But, getting back to our topic, both aunt Julie and Eric Camden were raised by two hard-core, intimidating parents: Colonel John Camden and his wife, Ruth. I love the episodes that have the Colonel, but I can see how he'd drive someone to drink! But the Colonel and Ruth have found some happiness lately, since they adopted 10 year old George, whom they adore.
Well, it turns out that George's real father wants his son back, and the Colonel and Ruth don't want him to go. The Colonel is also sad because he feels that his daughter, Julie, hates him. George runs away, and Ruth says something hurtful to Julie. In the next scene, Julie is in the Camden's kitchen late at night, with a bottle of wine and a glass. Her father is alone outside, and he's sad because George is leaving.
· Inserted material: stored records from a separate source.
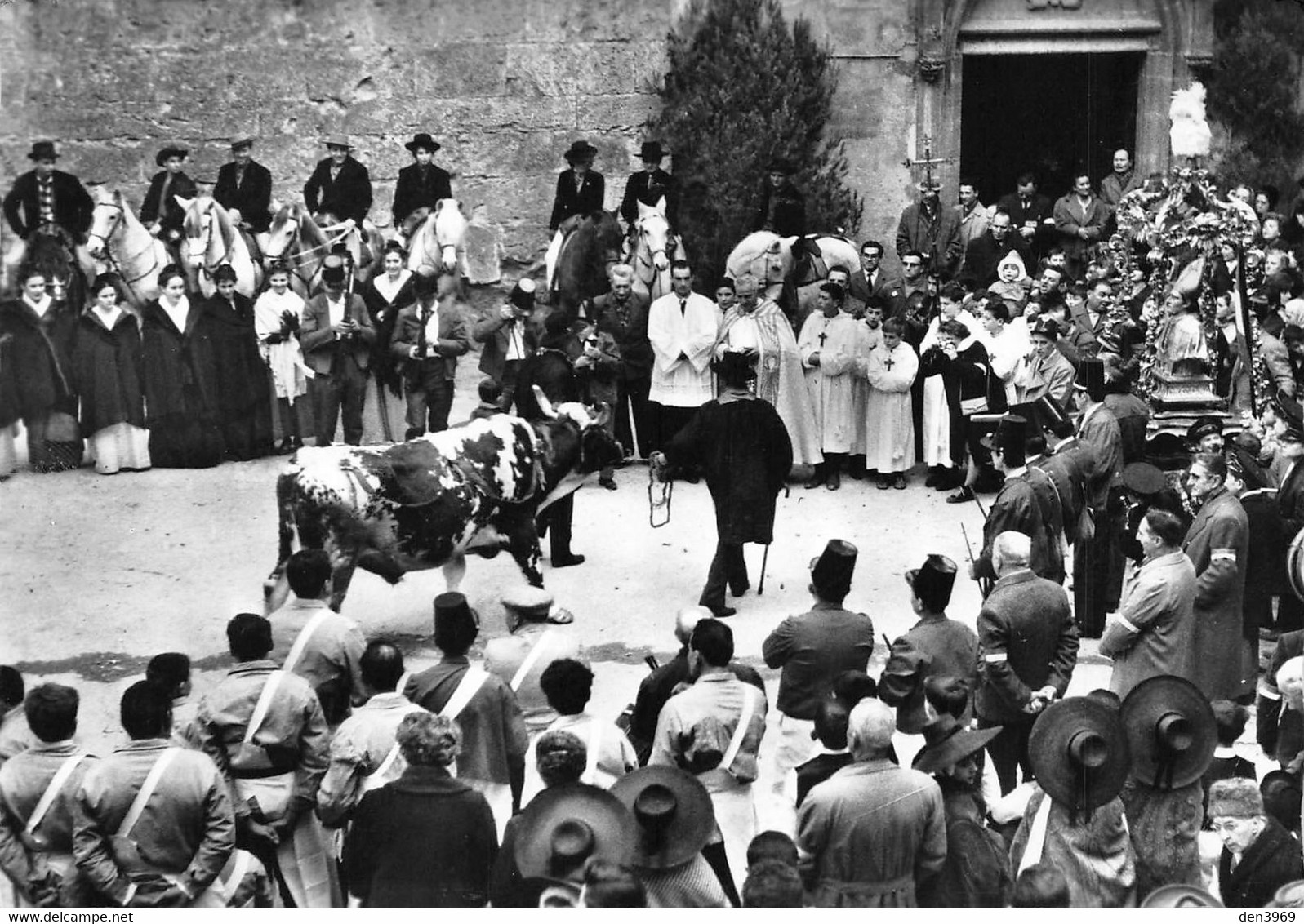 BARJOLS - Fête De Saint-Marcel - Bénédiction Du Boeuf - Exclusivité Mistre, Maison De La Presse - Photo D. Nonnon - Barjols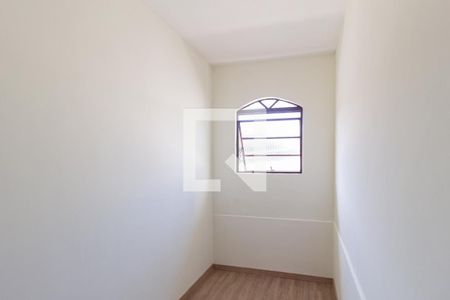 Quarto 1 de casa para alugar com 2 quartos, 80m² em Centro, Osasco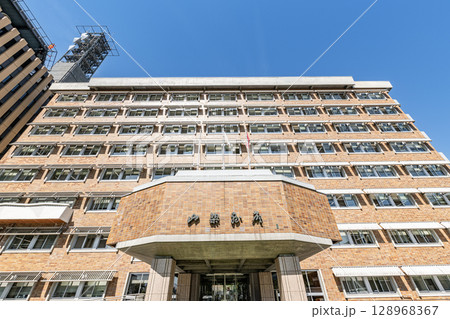 山梨県甲府市　山梨県庁本館 128968367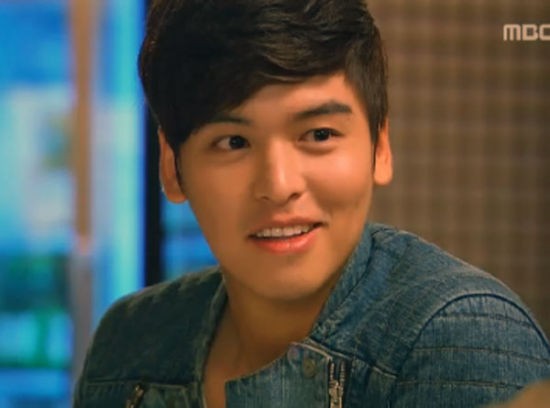 Lee Jang-woo Fotoğrafı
Right when Aunt Julie is about to take her fateful drink, we hear Matt Camden (the oldest Camden child) say, "I thought I'd find you here." He must have been standing there all that time!
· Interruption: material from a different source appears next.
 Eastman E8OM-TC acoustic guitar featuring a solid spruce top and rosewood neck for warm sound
Julie tells him that she just can't take it anymore. She can't cope, especially not with her parents. Matt then points to the Colonel sitting outside, and he says, "What you want is in that glass. What you need is out there."
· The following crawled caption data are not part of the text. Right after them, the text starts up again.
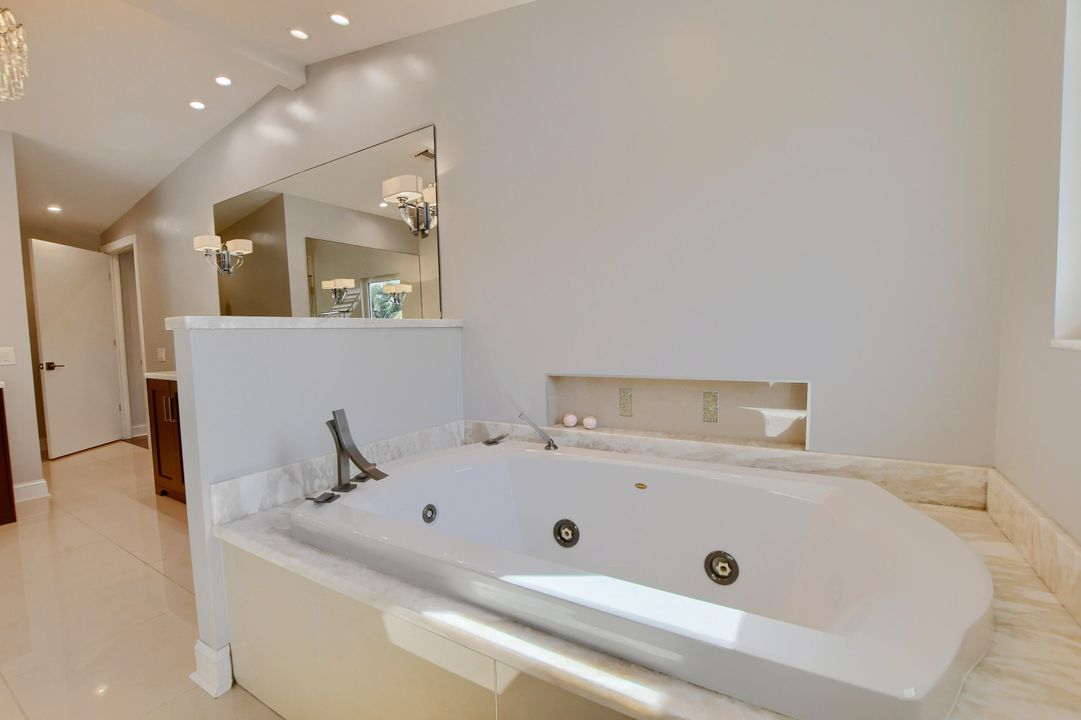 For Sale: $1,525,000 (5 beds, 4 baths, 3853 Square Feet)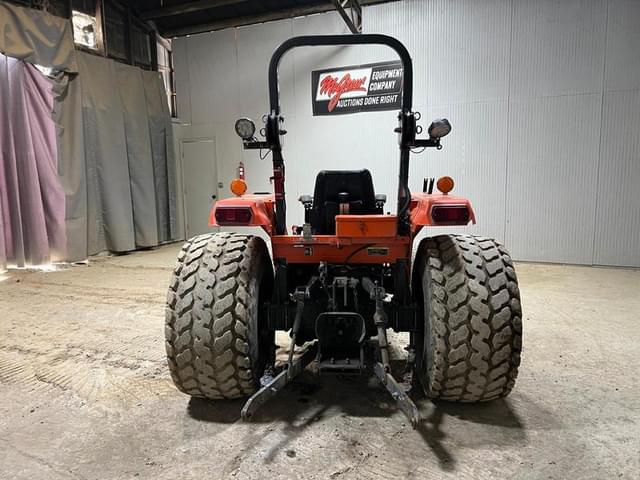 Image of Kubota M5700 equipment image 3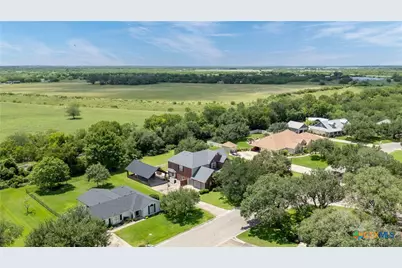 123 Northwood Drive, Cuero, TX 77954 - Photo 8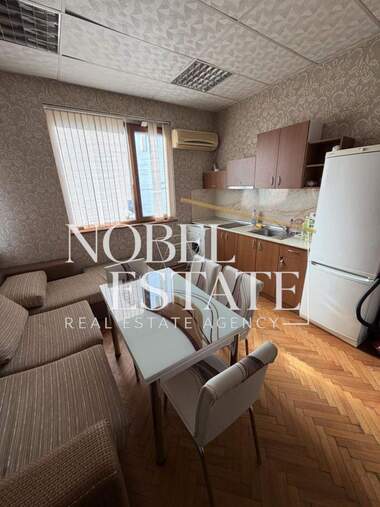 Продажа - Квартира в Център,  Бургас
What she wanted was obviously more attractive than what she needed. She wanted to feel good, and that could come easily: all she had to do was drink from her glass. But she needed to reach out to her father, and that was hard for her, since he could be intimidating. At the same time, what she wanted--alcohol--wouldn't bear much good fruit for anyone--herself or others.
And so Julie goes outside and comforts her dad. The two reconcile, and they live happily ever after.
I know it's only a story, since life doesn't always have a happy ending. But what Matt said was powerful. When I drank, I wanted to feel better. That's why I drank when I was by myself. When I was in a group, I drank to loosen up socially, or to get attention, or just to endure a situation that I considered intimidating (i.e., being in a group). But drinking was not exactly a cure, for it made me very passive. It dulled my mind, making it easier for me to withdraw more and more into myself. I was not reaching out to others. I was not boldly engaging tasks that intimidated me. On some level, I got what I wanted: the good feelings that came with drinking. But I was not getting what I needed: the fruitful activity that can accompany sobriety.
When I think back to my DePauw days, which were before I drank, I realize that I had many of the same problems back then that I have right now: shyness, introversion, timidity, etc. (Not that I'm drinking now. I'm not.) But, in those days, I at least talked when I went out with people. I didn't do that as much in my drinking days. I turned to drinking to help me socially, but it was having the opposite effect.
I think that sobriety is good because it enables me to be active. My mind is not dulled when I am sober, so, when I find myself in situations that make me uncomfortable, I have to do SOMETHING. It's fight or flight! My sobriety is my ally in all sorts of situations! Overall, doing something with a clear mind is productive. It can give me a sense of self-esteem, as well as hopefully help someone else.